Experts in the use of mobile devices have been saying for some years that the ubiquity of a personal communications and learning device (be it phone or tablet) will change learning for ever, and there are clear signs that this is happening already, such as in the use of 1-to-1 device experiments in Uruguay and other One Laptop Per Child projects. Whether teachers accept these devices in the classroom or not, there is clearly a substantial amount of learning going on outside traditional classrooms using these devices.
The big question is – what is the role of the teacher in guiding, managing and promoting or holding back this one-to-one device-based learning and how can we provide teachers with the skills and tools that they need to integrate this technology into the curriculum?

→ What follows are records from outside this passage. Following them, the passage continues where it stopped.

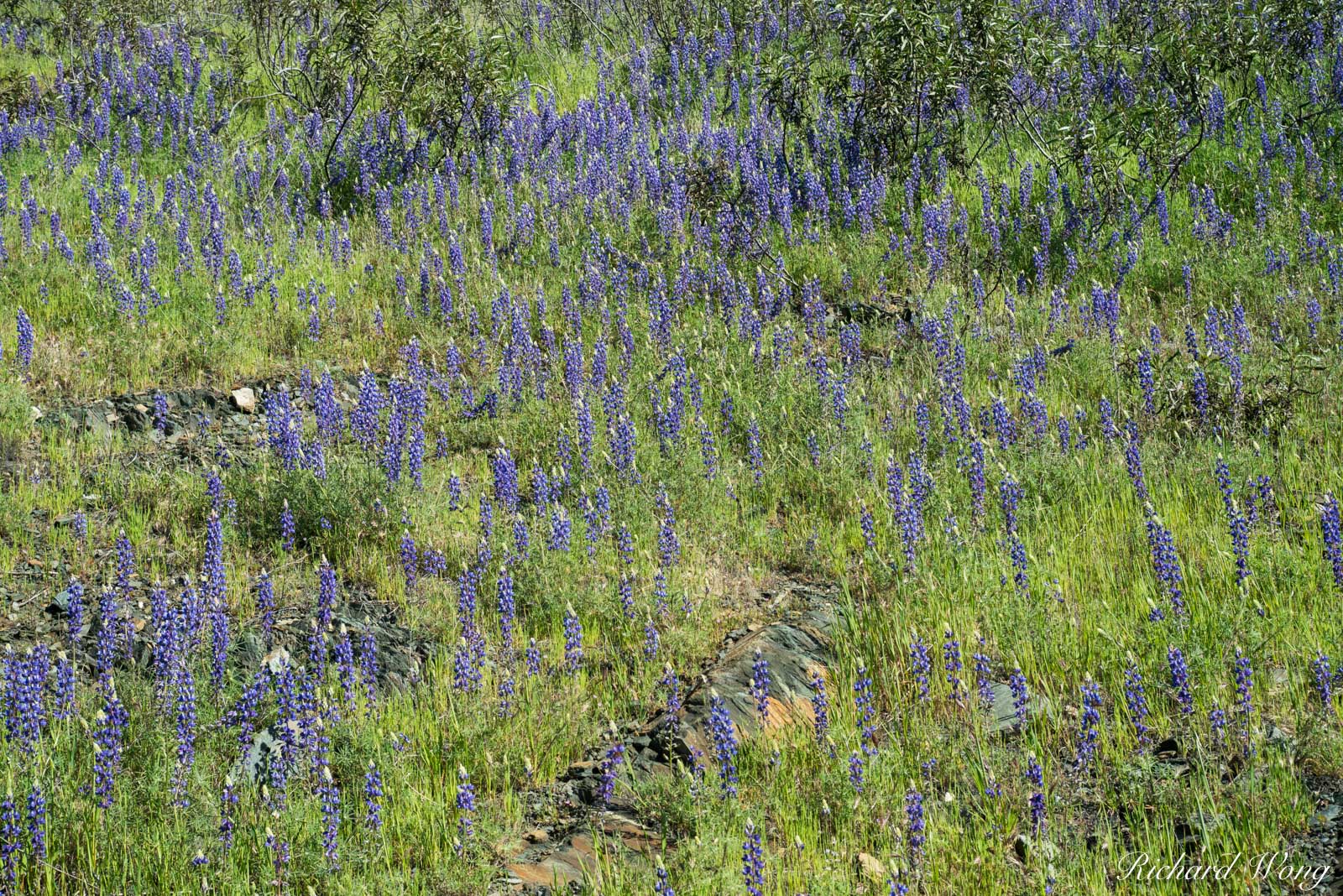 Lupine Spring Wildflowers, Tuolumne County, California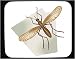 Decorated Mouse Pad with insect, gnat, mosquito, house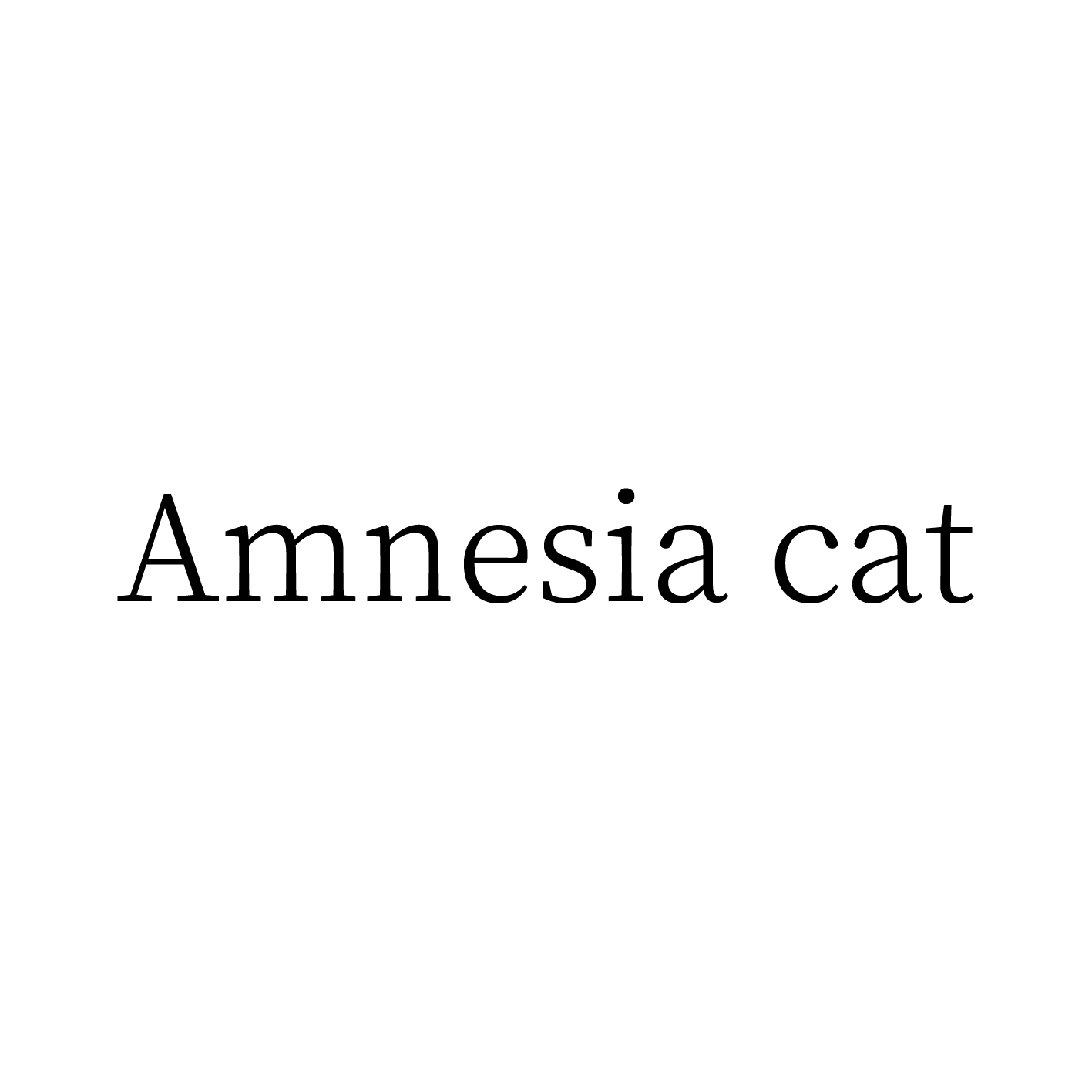 Amnesia cat失忆猫 优喆针织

Outside in: bringing new technology perspectives to ELT
On our panel at IATEFL we'll be looking at a lot of these issues by engaging with a group of experts who are largely working outside the field of ELT and can help us take a fresh look at technology use.

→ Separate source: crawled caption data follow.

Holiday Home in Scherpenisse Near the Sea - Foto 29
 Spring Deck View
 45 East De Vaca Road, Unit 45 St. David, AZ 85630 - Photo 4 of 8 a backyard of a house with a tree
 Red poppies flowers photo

Donald Clark will be talking about Artificial Intelligence as the future of assisting people in their daily life and work. It is seen by some as an existential threat, but he will show how it is a force for good if it is used to educate and deliver sophisticated online learning.
Paul Driver will be talking about the use of big data in finding patterns in information, the role of interaction design and information architecture, and what we can learn from how digital games create engaging, interactive environments.

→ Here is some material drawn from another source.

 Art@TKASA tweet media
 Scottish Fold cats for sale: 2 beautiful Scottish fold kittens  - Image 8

Yvonne Rogers will be talking about her work in developing digital fluency in technology users and learners. She will be talking about developments in human–computer interaction and what new ways there are to make digital learning activities realistic, authentic and meaningful.
Geoff Stead will be talking about mobile technology. He will also talk about some of the research and projects that Cambridge English is carrying out, including in augmented and virtual reality and the contribution it can make.
Most of all, though, we'll be listening to the views of the audience – their passions, their concerns and their proposals for a better digital learning future. See you there!